Two rashers of crispy bacon, a sausage, two griddled eggs, mushrooms, sauté potatoes, griddled tomato, baked beans and toasted or fried bread . . . what's not to like?

Yours for £6.99, the Olympic Breakfast pretty well sums up the image of the Little Chef restaurants - well, that and the famous Fat Charlie logo of a chubby white chef on a red background.

In its heyday, a long car journey just wasn't complete without a stop at a Little Chef. Whether you went for the all-day breakfast or the pancakes, the roadside diner did the trick - and you even got a free lollipop for finishing your meal.

But the future of the chain is in the balance at the moment, and part of the problem is that its image remains rooted in the 1980s.

Since then the British public have become more diet-conscious, and while the last couple of years have seen Little Chef introduce healthier options such as paninis or smoked salmon and scrambled eggs, the perception remains that it is stuck in the past.

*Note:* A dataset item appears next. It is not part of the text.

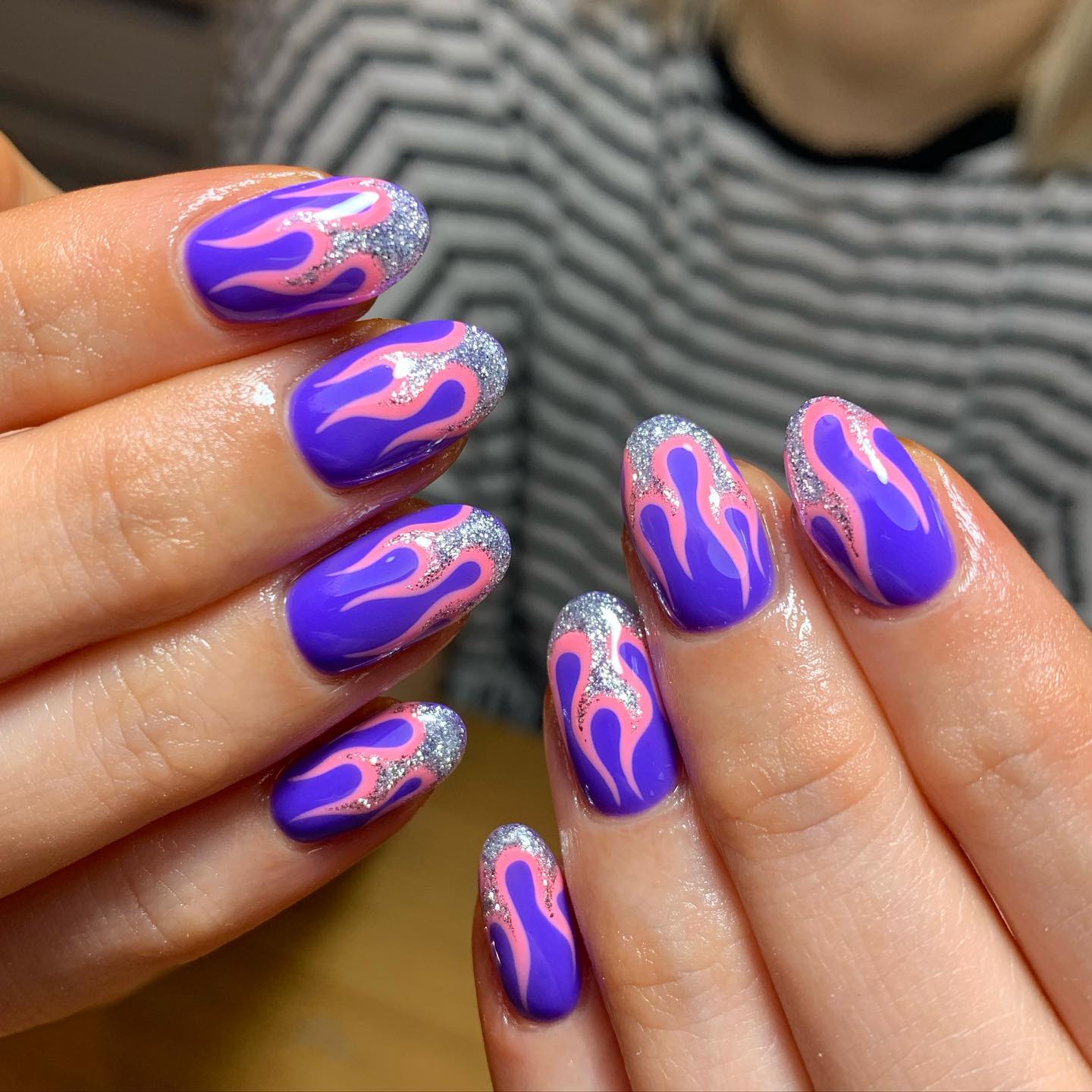 There is no need to have long nails to have a flame nail art. Your almond nails will shine with silver glittered and pink flames. Go and get it girl.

Staff at the EDP yesterday came up with the following impressions of the restaurant: "surly waitresses", "formica tables", "too expensive" and "greasy plastic salt and pepper shakers", balanced by: "I quite like their breakfasts". Whether or not they are fair comment, these perceptions are probably widely shared, because it is reported that the business has been losing £3m a year.

Despite this it remains one of Britain's best known brands - the Fat Charlie logo is so popular that an attempt in 2004 to slim him down caused outrage amongst fans, who registered 15,000 complaints with the then owners, the Travelodge hotels group. Little Chef continues to employ almost 4,000 people at 234 outlets. The restaurants are estimated to serve more than 20 million customers a year, including 10 million cups of tea, 12 million rashers of bacon and 13 million eggs.

So there is apparently still a good demand for its services, which may explain why turnaround specialist RCapital secured a deal yesterday to buy Little Chef for less than

£10m from Israeli property group Arazim.

It has been reported that the new deal could lead to around 40 restaurants being closed and an unspecified number of people losing their jobs.

The business was bought last year for £52m by its chief executive, Simon Heath, and the People's Restaurant Group, headed by Lawrence Wosskow.

However, it was reported on Monday that Mr Wosskow, who suffered a heart attack in the summer, was in talks with Arazim about selling his stake.

Little Chef started life as an 11-seat restaurant in Reading in 1958 and now has sites dotted around the UK and Ireland.

Founder Sam Alper, a caravan manufacturer, had intended to model the restaurant on roadside diners in the US and the opening of the first restaurant coincided with Britain's first motorway.

By the 1980s, Little Chef was well established throughout the country - a beacon to hungry motorists from families to business travellers.

Whether you think it was a blessing or a curse probably depends on your political persuasion, but ex-prime minister John Major gave the chain his endorsement by stopping for breakfast at a Happy Eater, the sister restaurant of Little Chef, in 1991.

By the start of this century, the business was seen to be under pressure with a trend towards healthy eating and competition from other outlets such as Burger King and KFC.

The restaurants attracted critics such as Janet Street-Porter, who reportedly joked: "When I die I'm going to throw a party for all my enemies in a branch of Little Chef."

As it stands there are probably more people who agree with her than Mr Major - but the chain's new owners will be doing their best to reverse Little Chef's fortunes.